Virus Alert!

The Internet Storm Center had a nice post this morning.

It seems, malware authors have taken to dynamically generating binaries for each and every client that contacts them. This understandably makes traditional virus-checkers useless, which is the whole point. This is another step in the game of cat-and-mouse that has been going on in the Microsoft OS virus game, since it started w-a-y back in the MS-DOS days. I had a computer infected with "ping-pong" once.

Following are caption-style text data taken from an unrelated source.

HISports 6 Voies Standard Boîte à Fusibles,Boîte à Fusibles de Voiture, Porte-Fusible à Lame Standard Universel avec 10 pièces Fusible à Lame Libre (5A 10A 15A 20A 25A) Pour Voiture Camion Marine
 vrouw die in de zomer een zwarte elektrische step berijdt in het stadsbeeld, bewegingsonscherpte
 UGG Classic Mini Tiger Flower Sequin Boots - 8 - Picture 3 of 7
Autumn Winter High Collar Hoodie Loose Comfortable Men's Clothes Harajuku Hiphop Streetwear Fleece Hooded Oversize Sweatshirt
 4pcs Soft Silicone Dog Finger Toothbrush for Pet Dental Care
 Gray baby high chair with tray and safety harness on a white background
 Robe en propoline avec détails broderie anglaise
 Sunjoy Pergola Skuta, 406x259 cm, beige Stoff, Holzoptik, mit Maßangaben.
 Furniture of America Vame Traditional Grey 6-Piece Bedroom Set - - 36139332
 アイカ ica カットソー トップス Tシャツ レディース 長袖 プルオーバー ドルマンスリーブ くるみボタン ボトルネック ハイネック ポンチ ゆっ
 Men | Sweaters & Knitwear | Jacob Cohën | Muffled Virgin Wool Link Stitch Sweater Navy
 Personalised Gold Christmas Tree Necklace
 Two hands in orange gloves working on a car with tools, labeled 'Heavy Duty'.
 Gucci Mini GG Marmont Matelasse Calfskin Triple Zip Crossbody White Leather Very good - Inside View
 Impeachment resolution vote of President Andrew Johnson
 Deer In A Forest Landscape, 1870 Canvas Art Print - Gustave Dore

In the beginning, a virus checker was simply a regex engine capable of efficiently parsing binary files wrapped around a static list of regexes associated with known viruses. Cleaning files involved a bit more logic, but for non-destructive bugs it wasn't too hard. This worked for some time, as all known viruses had to infect files to propagate themselves.

Then the hackers figured out how to infect boot sectors, and the boot-sector virus was born. Anti-virus engines had to evolve to provide the same regex support on the boot sector. So now AV engines had to check files being launched and an actual disk structure. As before, this worked for some time.

In this early day of virus, it could take months for a new virus to get out there enough for detection. Anti-virus updates were sent out as needed, and eventually came monthly. For quite some time, McAfee sent out a static .exe file (Scan.exe) with the detection database hard-coded into it. So you saw .ZIP archives on BBS download sites with the shareware,, etc.

Then the virus writers figured out how to do "polymorphic" code. This was an advance, as the regex-based AV engines couldn't detect code that CHANGED from infection to infection. In response AV engines had to have much greater intelligence built into them. There was some back-and-forth for a while with code that really wasn't as regex-proof as the virus writers thought, for instance certain virus writing toolkits left their own signatures that could be detected.

Then the virus writers figured out how to infect the BIOS of computers. CIH is the classic example. This is an approach that didn't get wide-spread use since BIOS is a hardware dependant activity. Never the less, this caused antivirus vendors to modify their products to be able to clean the damage caused by this kind of bug.

Then came the era of application-viruses. MS Office came with a very featured macro language that was exploited to send bad code around the world. Yet another AV update to handle this kind of problem.

Extending from the Macro viruses came the first mass-mailers. While AV on mail gateways had been around for a while thanks to existing Macro viruses, the mass-mailers make it amply clear to everyone that such protection was a requirement. They also provided a nice scale test for those solutions.

And that's about when things stopped being just-for-the-mayhem and moved to profit-driven. You don't see truly destructive viruses anymore. If you've subverted a workstation, you may as well do things to it that'll earn you money, like install a bot-client.

And now we have bots being installed with custom compiled code! We no longer have "viruses" we now have malware, and spyware. The old regex-engine based AV methods are still somewhat viable for older threats, but the future is solidly into behavior-based detection. Spam spewers can come in many, many shapes, sizes, and colors. This sort of heuristic detection is a lot harder to code than fancy regex. This sort of heuristic detection is also a lot harder to make "false-positive proof".

Case in point. You purchase a software package to help you put together Newsletters for your quilt-shop. Once a month you send out 430 identical emails to your list. Heuristic scanners can see this behavior and start throwing alerts.

End users HATE false-positives, and unwarranted fear. This provides a disincentive to make aggressive heuristic scanners, and instead rely upon detection databases.

One false-positive that has annoyed NetWare engineers for years is McAfee's hate of SERVER.EXE that causes service-pack installs to bomb. Scanning this file specifically, rather than marking it bad based on name and location, would show that this is a file that can't run in Win32 protected mode and is thus no threat. This is a case of an incomplete heuristic. Not scanning the file, though, does provide some speed bonuses.

Gateway scanners like those for email are largely stuck with database-driven detection methods. Once processing power increases faster than email volume (not likely) you may be able to see in depth analysis of what a file COULD do once it gets to where it is going, but I don't expect to see systems like that for a number of years. End-point scanners like those on workstations have a much richer feature set to play with, and heuristic scanning will work there much better. We just need product.